Le directeur général de la Caisse des dépôts fut bien inspiré de ne pas fermer définitivement la porte à cette nouvelle mission. Car le 20 novembre, tout juste un mois plus tard, le Président de la République annonçait la création de ce fonds souverain à la française qui lui tient tant à cœur. Ce Fonds stratégique d’investissement présenté dans le Loir et Cher et doté de 20 milliards d’euros dont 14 milliards à la charge de la Caisse des dépôts – l’Etat apportant le complément.

L’intention est louable : se substituer aux banques qui ne font plus leur travail, pour soutenir des entreprises dynamiques mais placées en situation difficiles à cause de la crise. Même si cette initiative ne peut faire office de politique industrielle, elle doit permettre de relancer l’activité des bureaux de recherche et développement, éviter des délocalisations, empêcher des faillites pures et simples… Par ailleurs, pour les entreprises sous-traitantes qui seraient condamnées par l’interruption des commandes des grands donneurs d’ordres, ce fonds devrait permettre de survivre à la crise en offrant un remède à l’assèchement des filières industrielles pour un redémarrage plus rapide au moment de la reprise. Nicolas Sarkozy, fort du sauvetage d’Alstom grâce à l’intervention de l’Etat qu’il initia, crée une structure pour réitérer l’opération.

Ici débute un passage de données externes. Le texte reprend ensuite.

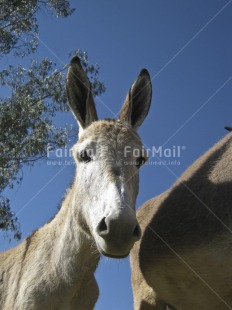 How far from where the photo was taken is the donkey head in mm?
5145

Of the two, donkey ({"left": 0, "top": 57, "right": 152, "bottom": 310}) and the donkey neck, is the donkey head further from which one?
the donkey neck

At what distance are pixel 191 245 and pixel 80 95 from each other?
2.75 m

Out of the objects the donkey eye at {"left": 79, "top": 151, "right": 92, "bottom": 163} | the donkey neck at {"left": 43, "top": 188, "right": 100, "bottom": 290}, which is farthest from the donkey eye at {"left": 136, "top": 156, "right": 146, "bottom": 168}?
the donkey neck at {"left": 43, "top": 188, "right": 100, "bottom": 290}

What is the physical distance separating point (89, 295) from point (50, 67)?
1415 centimetres

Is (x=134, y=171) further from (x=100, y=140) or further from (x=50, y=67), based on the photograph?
(x=50, y=67)

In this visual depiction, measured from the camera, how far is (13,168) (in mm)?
18109

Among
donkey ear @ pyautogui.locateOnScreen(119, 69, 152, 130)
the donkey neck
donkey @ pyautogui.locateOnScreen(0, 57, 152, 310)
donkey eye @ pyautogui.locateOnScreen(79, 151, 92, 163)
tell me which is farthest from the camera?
donkey ear @ pyautogui.locateOnScreen(119, 69, 152, 130)

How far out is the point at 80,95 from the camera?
23.5 feet

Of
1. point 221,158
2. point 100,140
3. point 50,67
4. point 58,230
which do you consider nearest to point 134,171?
point 100,140

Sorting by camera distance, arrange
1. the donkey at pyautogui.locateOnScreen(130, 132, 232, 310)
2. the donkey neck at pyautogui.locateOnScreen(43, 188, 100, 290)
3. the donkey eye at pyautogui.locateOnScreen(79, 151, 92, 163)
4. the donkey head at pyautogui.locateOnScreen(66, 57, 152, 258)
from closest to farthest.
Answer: the donkey head at pyautogui.locateOnScreen(66, 57, 152, 258)
the donkey eye at pyautogui.locateOnScreen(79, 151, 92, 163)
the donkey neck at pyautogui.locateOnScreen(43, 188, 100, 290)
the donkey at pyautogui.locateOnScreen(130, 132, 232, 310)

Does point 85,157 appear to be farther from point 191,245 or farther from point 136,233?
point 191,245

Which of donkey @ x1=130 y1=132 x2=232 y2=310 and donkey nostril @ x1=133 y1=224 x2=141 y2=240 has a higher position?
donkey nostril @ x1=133 y1=224 x2=141 y2=240

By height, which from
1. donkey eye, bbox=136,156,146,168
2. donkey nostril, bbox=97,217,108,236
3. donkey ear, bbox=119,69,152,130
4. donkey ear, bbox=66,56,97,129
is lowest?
donkey nostril, bbox=97,217,108,236

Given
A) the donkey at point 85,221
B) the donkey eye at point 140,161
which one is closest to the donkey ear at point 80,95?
the donkey at point 85,221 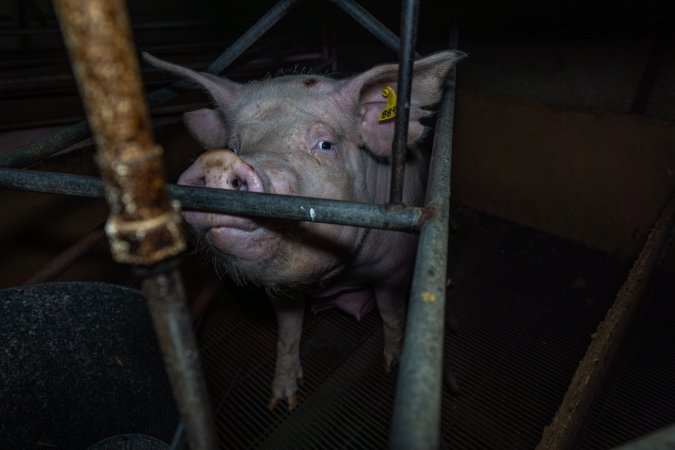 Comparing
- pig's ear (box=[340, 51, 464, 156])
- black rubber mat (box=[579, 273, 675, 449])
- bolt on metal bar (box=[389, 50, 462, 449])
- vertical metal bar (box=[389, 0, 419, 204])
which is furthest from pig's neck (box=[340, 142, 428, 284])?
black rubber mat (box=[579, 273, 675, 449])

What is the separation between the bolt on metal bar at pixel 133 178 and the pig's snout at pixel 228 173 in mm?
816

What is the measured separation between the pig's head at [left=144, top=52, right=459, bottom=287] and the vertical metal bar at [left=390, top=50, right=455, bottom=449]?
72 centimetres

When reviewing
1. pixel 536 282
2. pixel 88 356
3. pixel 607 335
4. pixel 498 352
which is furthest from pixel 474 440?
pixel 88 356

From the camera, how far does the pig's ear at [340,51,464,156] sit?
1921mm

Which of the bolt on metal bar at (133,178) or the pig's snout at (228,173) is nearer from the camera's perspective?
the bolt on metal bar at (133,178)

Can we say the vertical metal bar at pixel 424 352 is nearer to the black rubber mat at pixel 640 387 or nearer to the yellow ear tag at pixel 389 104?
the yellow ear tag at pixel 389 104

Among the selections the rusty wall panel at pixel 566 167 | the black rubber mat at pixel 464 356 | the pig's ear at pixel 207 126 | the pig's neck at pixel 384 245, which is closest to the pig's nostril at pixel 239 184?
the pig's neck at pixel 384 245

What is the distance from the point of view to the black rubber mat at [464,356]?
2.76 metres

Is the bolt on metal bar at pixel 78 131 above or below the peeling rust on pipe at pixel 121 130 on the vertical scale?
below

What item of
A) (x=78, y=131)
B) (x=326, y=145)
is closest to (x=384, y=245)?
(x=326, y=145)

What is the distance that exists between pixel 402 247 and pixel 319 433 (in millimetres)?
1325

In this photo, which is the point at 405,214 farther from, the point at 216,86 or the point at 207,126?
the point at 207,126

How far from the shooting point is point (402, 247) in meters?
2.93

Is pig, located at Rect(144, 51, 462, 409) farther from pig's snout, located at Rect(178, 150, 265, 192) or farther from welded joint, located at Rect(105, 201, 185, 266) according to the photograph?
welded joint, located at Rect(105, 201, 185, 266)
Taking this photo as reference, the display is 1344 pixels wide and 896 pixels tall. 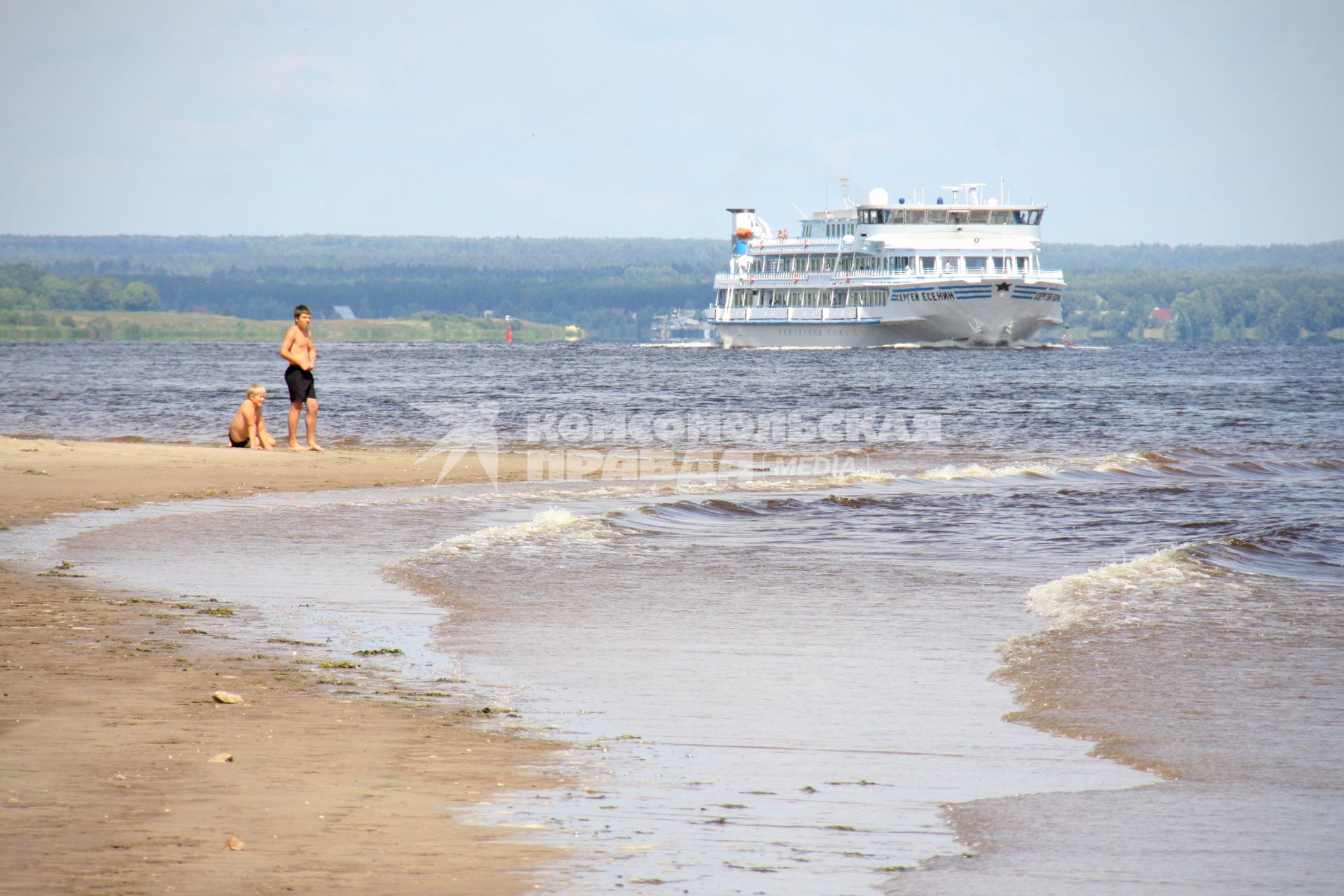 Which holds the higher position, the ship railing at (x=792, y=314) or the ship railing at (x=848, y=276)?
the ship railing at (x=848, y=276)

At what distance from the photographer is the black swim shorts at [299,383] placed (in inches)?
710

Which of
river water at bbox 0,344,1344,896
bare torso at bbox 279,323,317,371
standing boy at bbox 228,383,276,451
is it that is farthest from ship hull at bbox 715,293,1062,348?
bare torso at bbox 279,323,317,371

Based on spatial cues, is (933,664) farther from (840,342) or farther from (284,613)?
(840,342)

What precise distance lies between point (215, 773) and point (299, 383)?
45.1 ft

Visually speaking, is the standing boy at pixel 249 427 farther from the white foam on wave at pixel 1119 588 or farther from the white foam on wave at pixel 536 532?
the white foam on wave at pixel 1119 588

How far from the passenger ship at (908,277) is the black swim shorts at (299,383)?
6988 cm

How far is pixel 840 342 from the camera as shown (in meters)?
93.1

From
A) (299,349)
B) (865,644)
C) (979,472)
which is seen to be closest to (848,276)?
(979,472)

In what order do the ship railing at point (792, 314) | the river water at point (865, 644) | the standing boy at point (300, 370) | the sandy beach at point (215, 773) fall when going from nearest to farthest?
the sandy beach at point (215, 773) < the river water at point (865, 644) < the standing boy at point (300, 370) < the ship railing at point (792, 314)

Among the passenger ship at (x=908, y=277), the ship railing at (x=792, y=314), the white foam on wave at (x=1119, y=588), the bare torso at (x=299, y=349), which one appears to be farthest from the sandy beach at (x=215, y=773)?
the ship railing at (x=792, y=314)

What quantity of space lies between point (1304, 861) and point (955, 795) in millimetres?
1171

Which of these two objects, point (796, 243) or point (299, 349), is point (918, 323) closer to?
point (796, 243)

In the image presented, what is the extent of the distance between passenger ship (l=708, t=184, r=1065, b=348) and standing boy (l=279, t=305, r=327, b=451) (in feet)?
228

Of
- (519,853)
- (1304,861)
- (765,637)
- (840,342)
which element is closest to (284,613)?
(765,637) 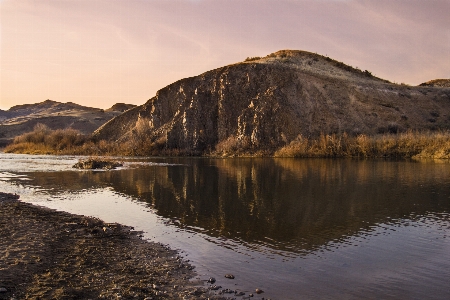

Pour autant, ce fonds stratégique ne s’inscrit pas dans le sillage des fonds souverains. D’abord, son rôle est défensif alors que les autres sont au contraire offensifs. Ensuite, il est en grande partie alimenté par l’emprunt alors que les fonds souverains utilisent des richesses qui leurs sont attribuées. Enfin, avec 20 milliards d’euros, il arrive loin derrière les fonds de référence, dix fois plus riches que lui. Une mission différente, des moyens d’une autre échelle, une vocation à émettre de la dette… Augustin de Romanet, qui préside le conseil d’administration du fonds stratégique français, avait bien raison de ne pas vouloir se comparer à l’une de ces institutions d’un nouveau genre aujourd’hui courtisées par les plus grandes banques de la planète et par les groupes internationaux de premier rang.

Une mission essentielle pour l’industrie

Toutefois, cette distinction n’enlève rien au rôle capital que la Caisse de dépôts, « groupe public au service de l’intérêt général et du développement économique du pays », va devoir jouer pour la sauvegarde de l’emploi et le sauvetage de l’industrie. Elle est d’ailleurs coutumière du fait : lorsqu’elle crée un fonds pour soutenir les start-up dans le secteur des technologies de l’information et de la communication, lorsqu’elle crée un autre fonds dans le capital investissement pour financer la croissance des PME, lorsqu’elle s’engage sur le long terme en tant que partenaire des entreprises cotées (son portefeuille d’actions se montait avant la crise à quelque 30 milliards d’euros investis sur la place de Paris où elle est le premier investisseur)… la Caisse des dépôts et consignations accompagne déjà les entreprises. Elle le fait depuis sa création, en…1816.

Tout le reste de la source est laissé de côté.